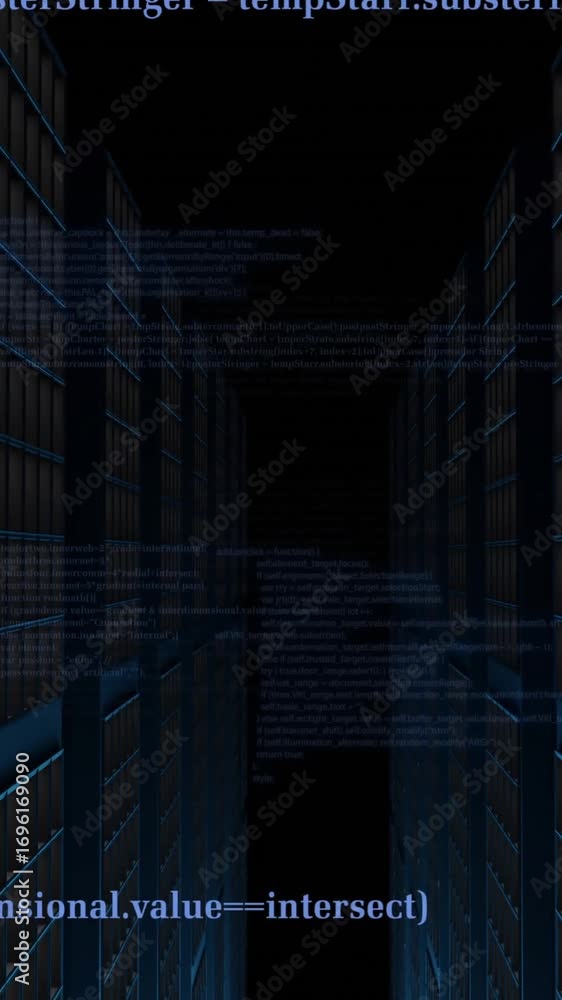Aufkleber animation of digital data processing over black background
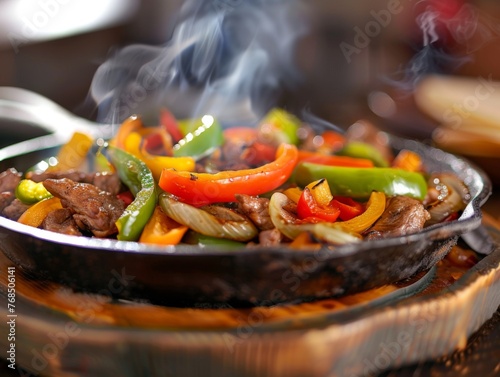 Hearty stews simmering with lamb chops, beef, and colorful vegetables photo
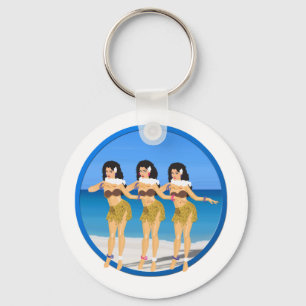 3 Hulas on beach Keychain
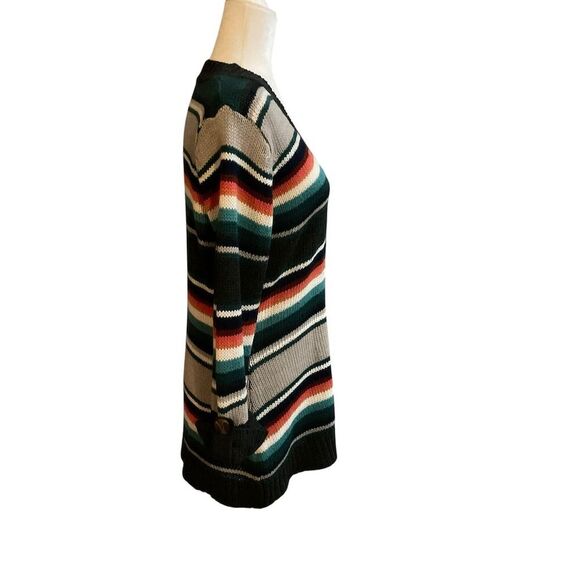 Allison Brittney Women's XL Striped Button Up Cardigan Sweater Multicolor - Picture 3 of 8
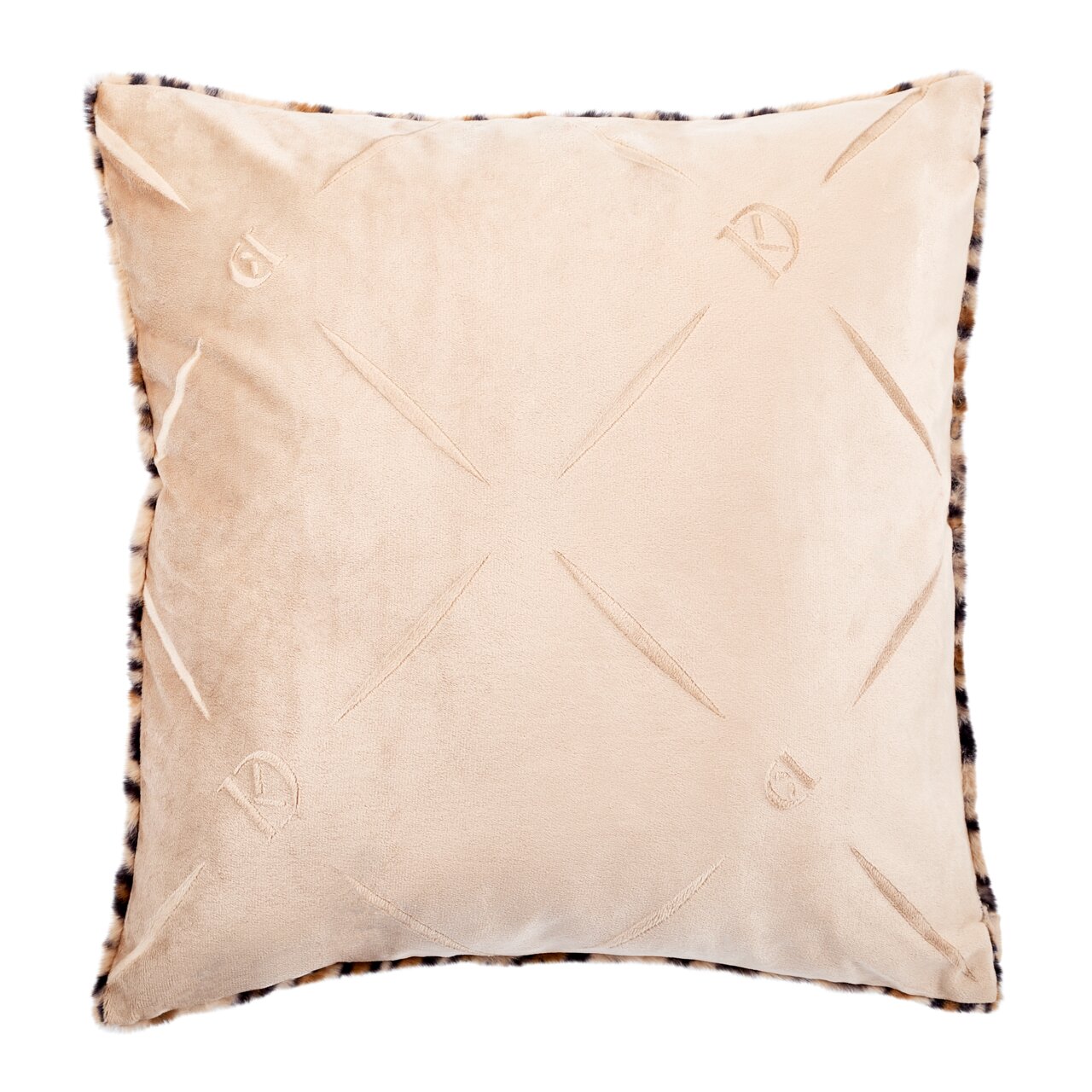 Dieter Knoll Hoes voor een kussen met vulling Kussenhoes van bont in beige met subtiel patroon, vooraanzicht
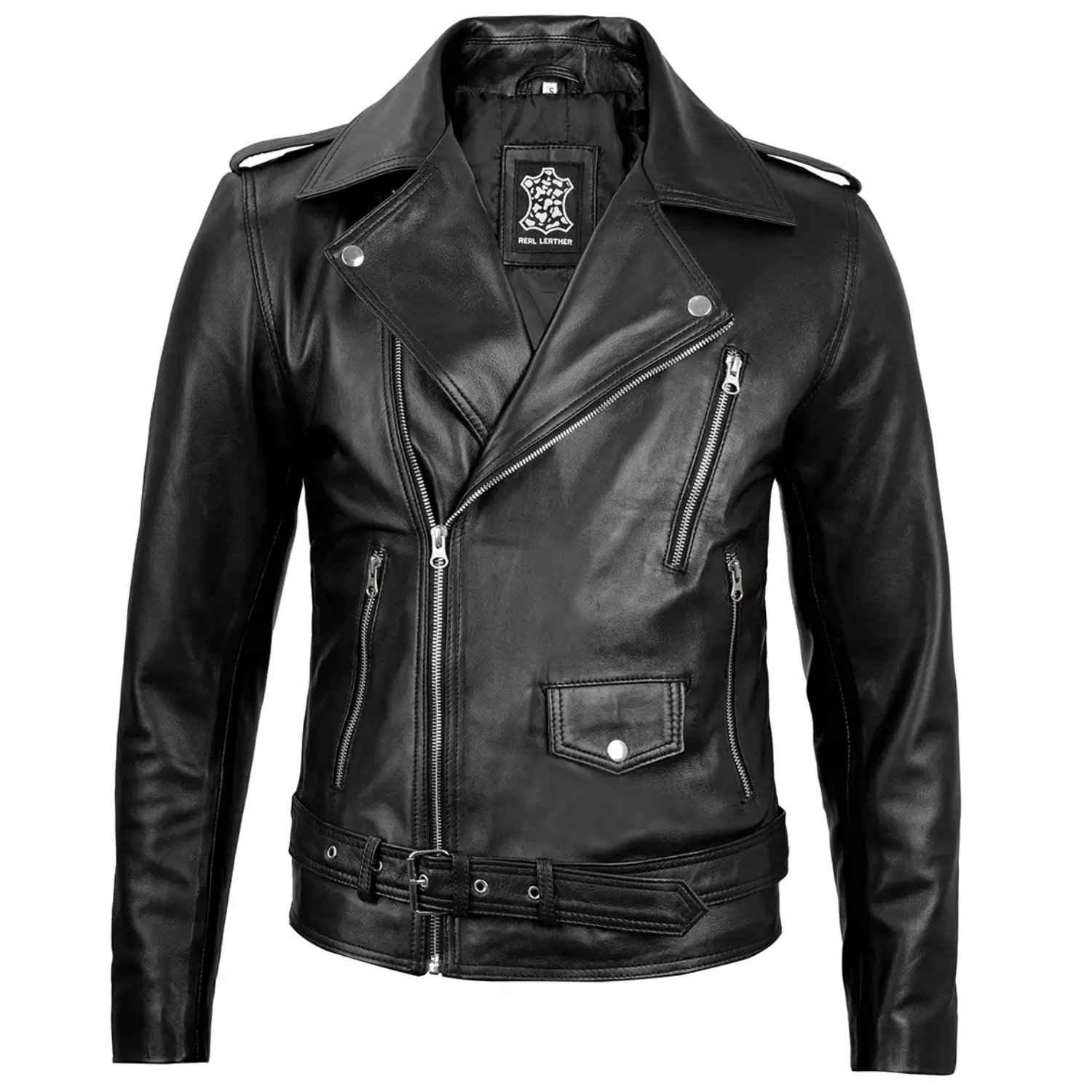 Front view of men's black biker leather jacket with asymmetrical zipper and belt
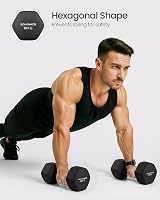 SONGMICS 2x10 kg Neoprene Hex Dumbbells Set Ink Black SYL110B01 view 6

========

_PROBLEM REQUIREMENTS:_
Leave out all pictures and retype precisely the lines that run from the line containing "Dieter Knoll Hoes" to the last line of the records.

_EXERCISE OUTPUT:_
 Dieter Knoll Hoes voor een kussen met vulling Kussenhoes van bont in beige met subtiel patroon, vooraanzicht
 Front view of men's black biker leather jacket with asymmetrical zipper and belt
 SONGMICS 2x10 kg Neoprene Hex Dumbbells Set Ink Black SYL110B01 view 6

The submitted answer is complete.